Not surprisingly we had some difficulty location the trail at the top, but eventually blundered onto it.  We expected some deadfall so we weren't alarmed that we spent more time walking than riding  on the initial section.  We were still making good time and most of decided to reprise our roles in the Bitterroot Backcountry Tree service and start clearing some trail.   Joel, in his unique style informed us of our foolhardiness and proceeded on down the trail and to the waiting beer. I can't be all that critical of Joel on this, after all in the end he was right, and he still had to deal with all the crap that was still awaiting us still he decided to try the trail this year rather than turning tail and returning down the road like he did last year.


Eventually we cleared the a little over a half mile of trail from the first road cut down to Divide Creek. Using a modicum of judgement we decided to abort our efforts to clear any more trail and ride down the trail to the beer and brats.

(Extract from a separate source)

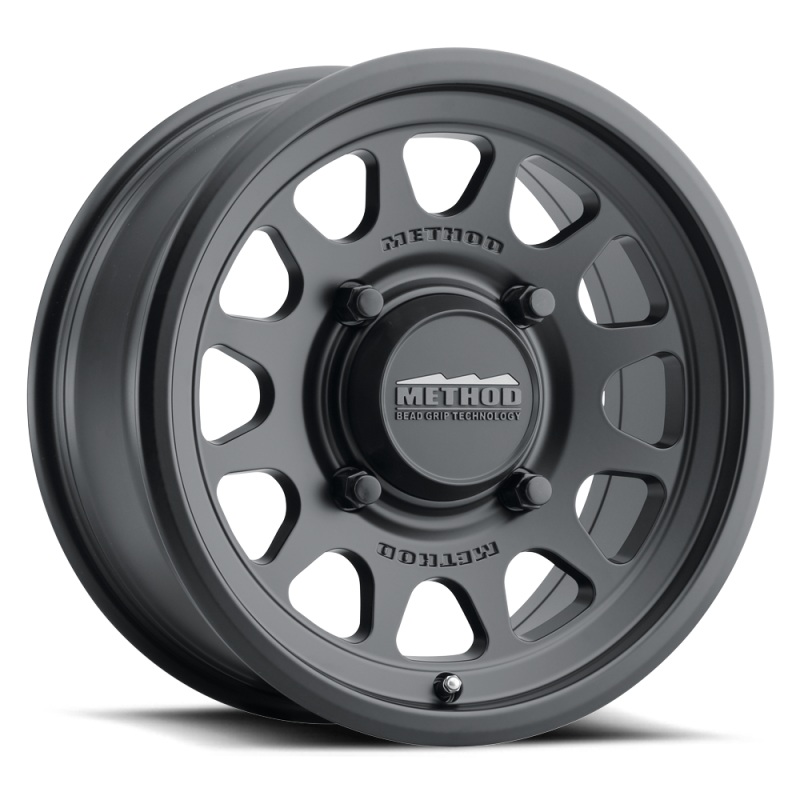 Method MR414 Bead Grip 15×10 / 6+4/25mm Offset / 5×4.5 / 76mm CB Matte Black Wheel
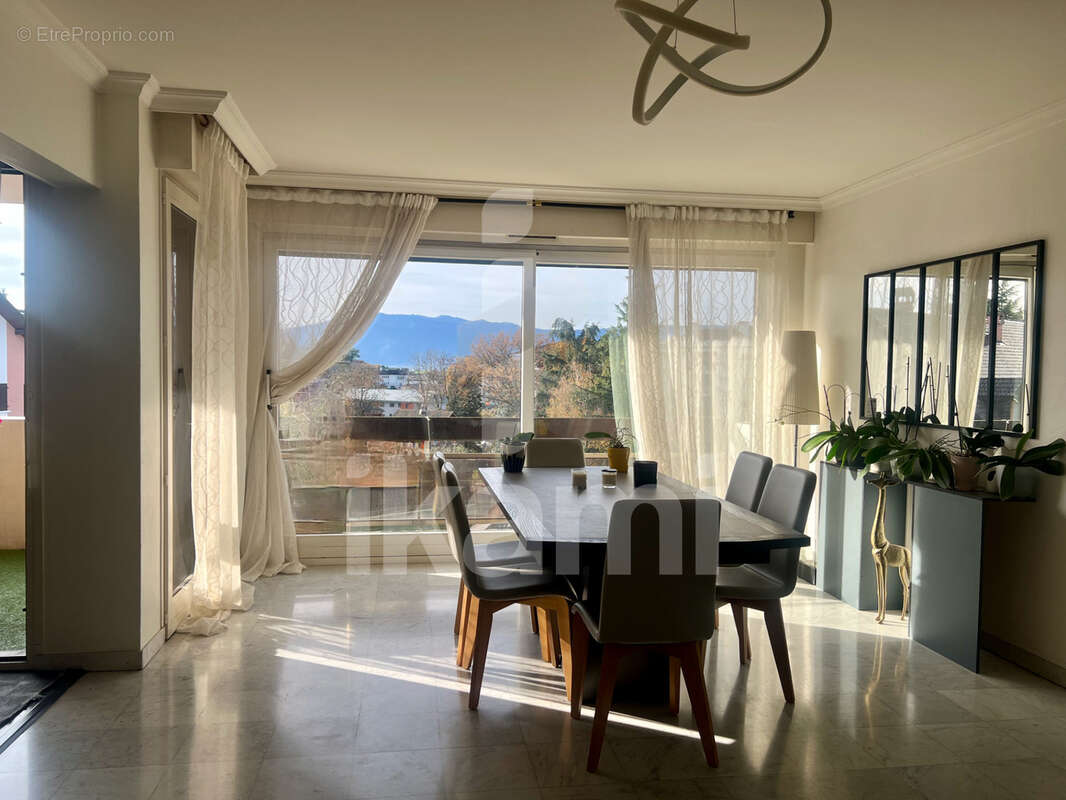 Appartement à SAINT-JULIEN-EN-GENEVOIS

It was just after this that the air was filled with a volley of invectives referencing, may she forgive me, the son of the blessed virgin, bodily waste, sexual intercourse, and oddly enough bananas. The way forward was a morass of deadfall obscuring the trail for an unknown distance.

Somewhere during the clambering over, around, or under the charred remains of the 2000 fires I had a vision of the personification of the trail. She was dressed in latex, hip high stilettos and a riding crop.  I was wearing a dog collar and leash. I had to submit and be prepared for degradation and humiliation.  The trail was telling me her name. Henceforth the White Stallion/Divide Creek/Sleeping child loop shall have a moniker befitting her status. I hereby deem the loop: Dominatrix.  By the time we staggered onto to Sleeping Child Creek trail, cleared as promised, my eyes were burning from sweat. my legs were bloody from some pungi sticks hidden in the downfall and I was approaching a near total bonking.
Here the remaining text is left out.